But to his people, to the North Koreans, he was a living God-King. A contemporary Pharaoh. He, like is father before him, exercised absolute control over a small and nearly completely closed society. Existing in total isolation, the North Koreans are prisoners of their own peversely manipulated minds. They should not be condemned to suffer for the crimes of those who ruled them mercilessly.

This is why I am shocked with Canada Chairman & CEO Stephen Harper and his ‘tough-guy’ comments regarding Kim Jong-il’s death. They are the comments of a foolish individual pretending to understand the significance of this seminal event.

Generalissimo Kim’s death may lead to a new period of détente between the Korean halves, especially considering Kim Jong-un’s youth and European education (he may be legitimately interested in pursuing a reformist agenda, but not if we continue to demonize his father and grandfather). Yet Harper, demonstrating his near total lack of comprehension of the plight of the North Korean people, decided the best approach would be to remind the North Koreans it is their responsibility to choose a new and better alternative to the despotic regime they toil under.
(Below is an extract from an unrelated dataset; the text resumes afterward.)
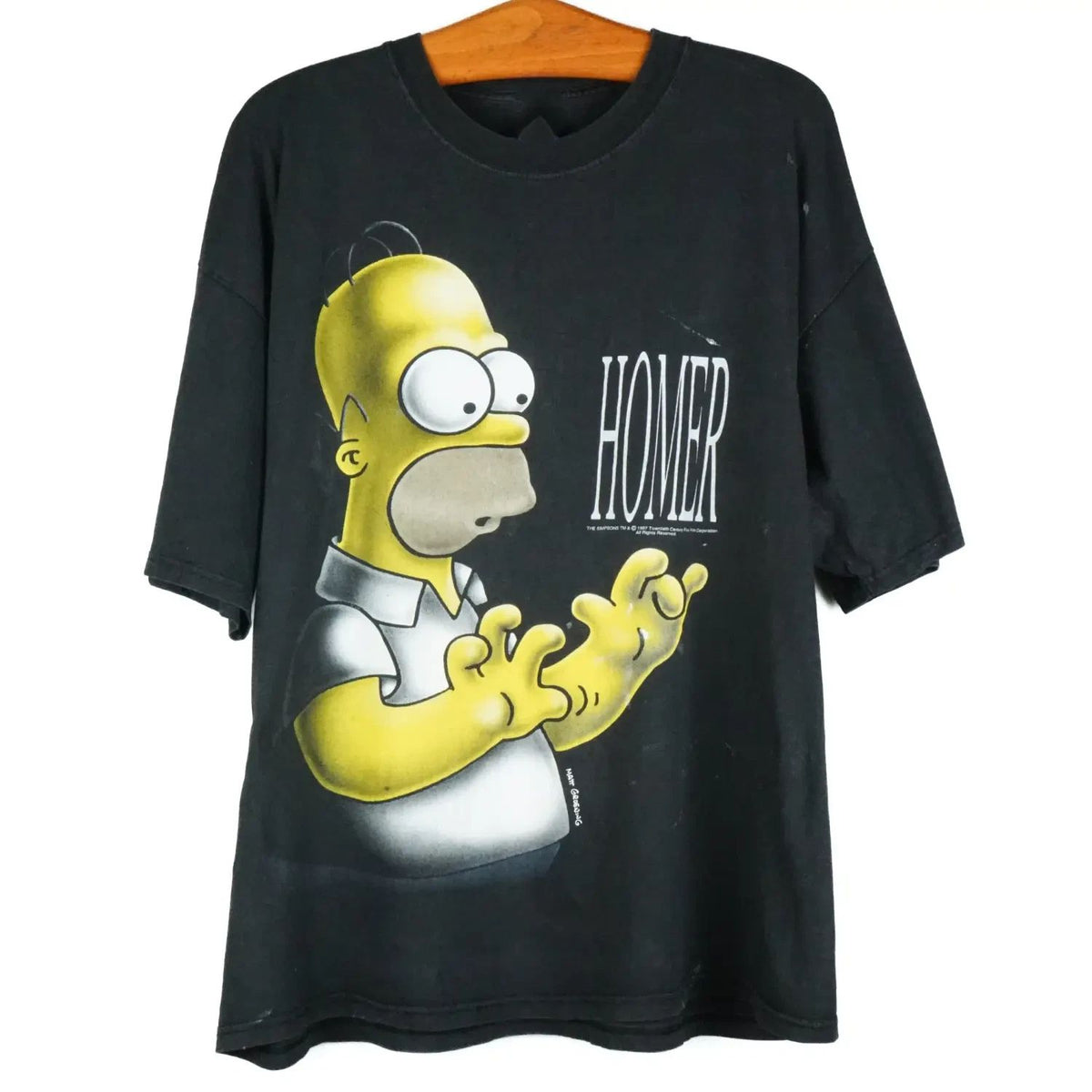 Vintage Homer - Simpsons Black Men and Women All Size Cotton T-Shirt VA029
It is not a choice, Mr. Harper.

And, what’s more, the North Koreans cannot hear you. Their media is thoroughly controlled by their government, and we are very, very low on the list of concerns and priorities of the DPRK. So if they aren’t paying any attention to us, why rattle some sabres?

It is the perennial Canadian inferiority complex, manifested by individuals hell-bent on restoring the apparently missing machismo of Canada. Perhaps its because we’ve never started a war for fun and profit, perhaps because our nation was not born of blood and savagery between men on battlefields at home and abroad. Either way, we, unlike many other prominent world leaders, decided not even to suggest that this was a situation worth monitoring, or, that it provides an opportunity for renewed diplomatic efforts. No, quite the contrary, Harper used typical corporate newspeak to describe the ‘moving forward process’ that’s ‘in the hands of the North Korean people’, as a PR hack might in the same fashion after a senior executive is charged for insider trading.
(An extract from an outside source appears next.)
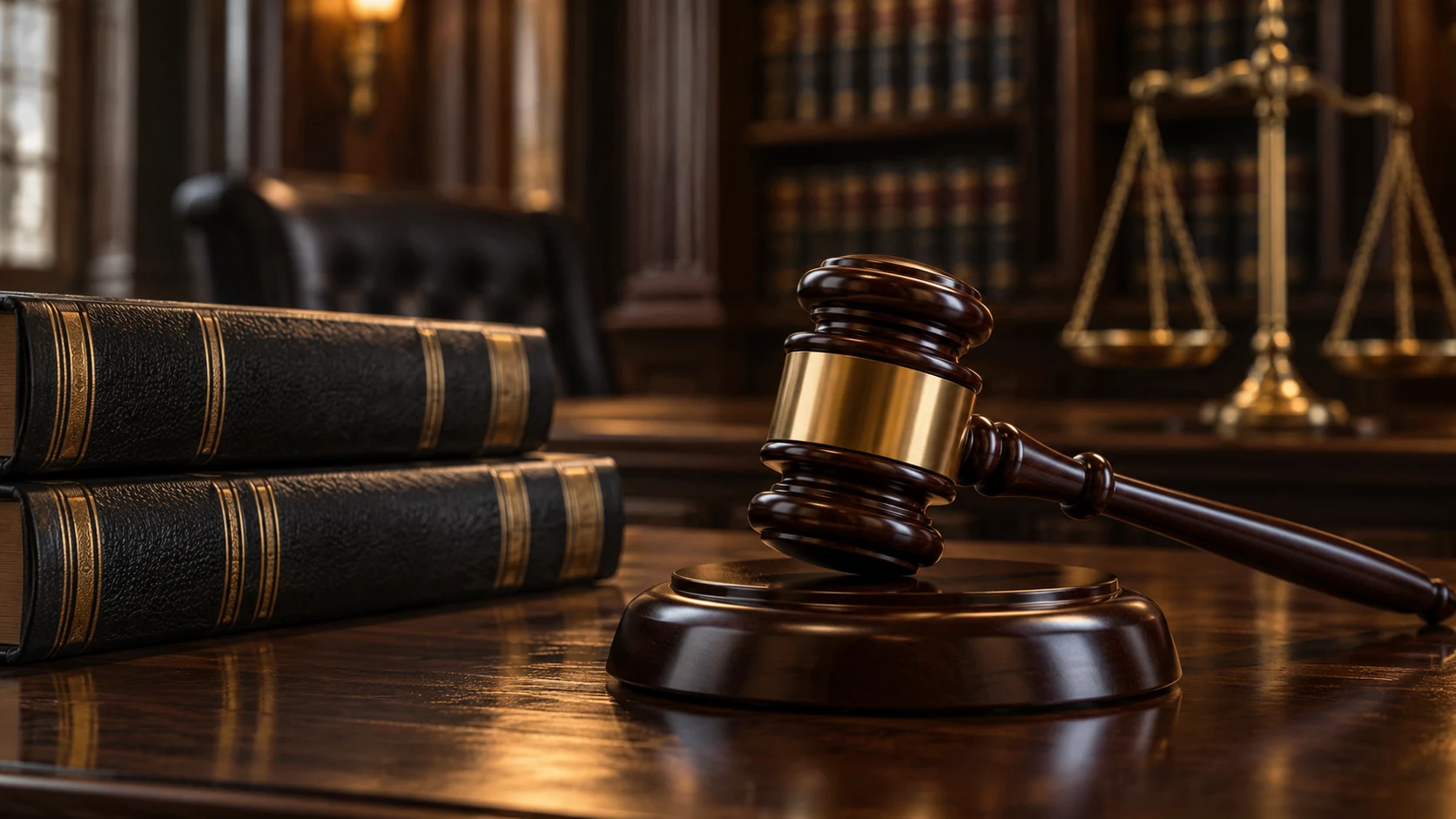 Judge's gavel and legal books for litigation practice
What Harper fails to realize is that the People of North Korea have no choices. Yes, they are slaves. So why condemn them to some awful fate as a result of the decisions made by the kleptocratic oligarchy created by the cartoon character above and his equally unstable father?

And why didn’t a well-respected nation such as our own extend our condolences to the clearly bereaved North Korean People? Whether we agree with their bereavement or not is immaterial, a good chunk of their population can be assumed to be legitimately upset by his passing. And if we want change in the Korean Peninsula, why not open a new door to dialogue with the inexperienced Kim Jong-un?

We know who Kim Jong-il was, the people of the DPRK do not.

For me, this is not that different from Rick Perry’s now infamous Kim John II gaffe.

We should demand a higher awareness from our elected officials, and at least a modicum of decency, diplomacy and above all else sympathy for a mislead people.